O que é engajar? Engajar é motivar o outro com ideias e tarefas que façam sentido para sua vida. O movimento estava criado, mas como fazer para que essas pessoas realmente se engajassem e participassem desse movimento? Como fazer para que esse grupo ficasse mais forte e mais pessoas tivessem o desejo de participar? Primeiro, trabalhando com algo que faça sentido para o doador. A infraestrutura foi preparada para receber as doações, mais pessoas foram contratadas e o doador foi colocado no centro do processo.
Quando eles lançaram a campanha See you in court (Te vejo no tribunal) ou The fight is on (A luta começou), expressaram-se o sentimento e a vontade de cada um dos apoiadores da ACLU, além da essência da organização.

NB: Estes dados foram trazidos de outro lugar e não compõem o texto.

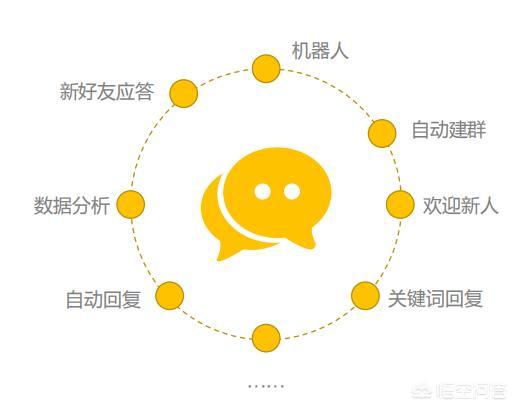 如何在<a href=https://maguai.com/personal/ target=_blank class=infotextkey><a href=https://maguai.com/group/ target=_blank class=infotextkey>微信群</a></a>引流:开了个蔬菜水果生鲜店，旁边都有竞争，怎样把顾客都拉来呢？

Abriram-se as portas para se receber um novo grupo de doadores alinhados com esse novo mundo. Decidiu-se pensar de forma diferente.
Um dos grandes desafios das organizações é que elas ainda acreditam que têm o poder sobre a comunicação. “Eu sei, eu controlo, eu tenho o conhecimento; o compartilhar é relativo.” Um dos passos mais importantes da ACLU foi dar o poder para as pessoas, amplificando a sua voz para centenas e milhares. Ela continuou a fazer o seu trabalho, mas com mais recursos pôde fazer mais, entrando em uma espiral de sucesso até criar um novo programa: PeoplePower.org (O poder das pessoas). Trata-se de um sistema de base para o desenvolvimento de campanhas e eventos individuais, com material de orientação para que cada pessoa acesse o seu representante eleito e faça demandas, além de apresentar o trabalho da ACLU para um grupo de pessoas e envolver seus pares em assuntos relacionados. Somente com o grande apoio de doações individuais e de celebridades a ACLU conseguiu fazer tudo isso.
O engajamento de pessoas em uma causa não é um novo modelo. Mas a hiperconectividade, a força dos movimentos, descobrir como dar poder para as pessoas e ao mesmo tempo engajá-las, cria novas oportunidades e precisa ser estudado. Novos modelos estão emergindo todos os dias ao redor do mundo. Marcelo Iniarra lidera laboratórios disruptivos de inovação e desenvolve campanhas para gerar movimentos há muitos anos. Paul de Gregorio iniciou um coletivo no Reino Unido focado na “construção de movimentos”, como ele define. Buscam-se pessoas engajadas que querem doar, sem construção de listas.
Como fundraiser que acredita que o poder das pessoas pode mudar o mundo e que somente o engajamento a uma causa pode construir uma base de doadores resultando na sustentabilidade e legitimidade de uma organização, a ACLU é uma inspiração. É um grande caso de sucesso que prova que as minhas premissas de trabalho já são uma realidade para algumas organizações.
Como brasileira, cada vez que conheço um pouco mais sobre essa história, penso no momento que estamos vivendo no Brasil.
Os movimentos estão aqui e são fortes, mas qual é o próximo passo? Como o poder individual de cada um de nós olhará nossa próxima jornada? Eu ainda não tenho uma resposta, mas deixo esse texto para reflexão.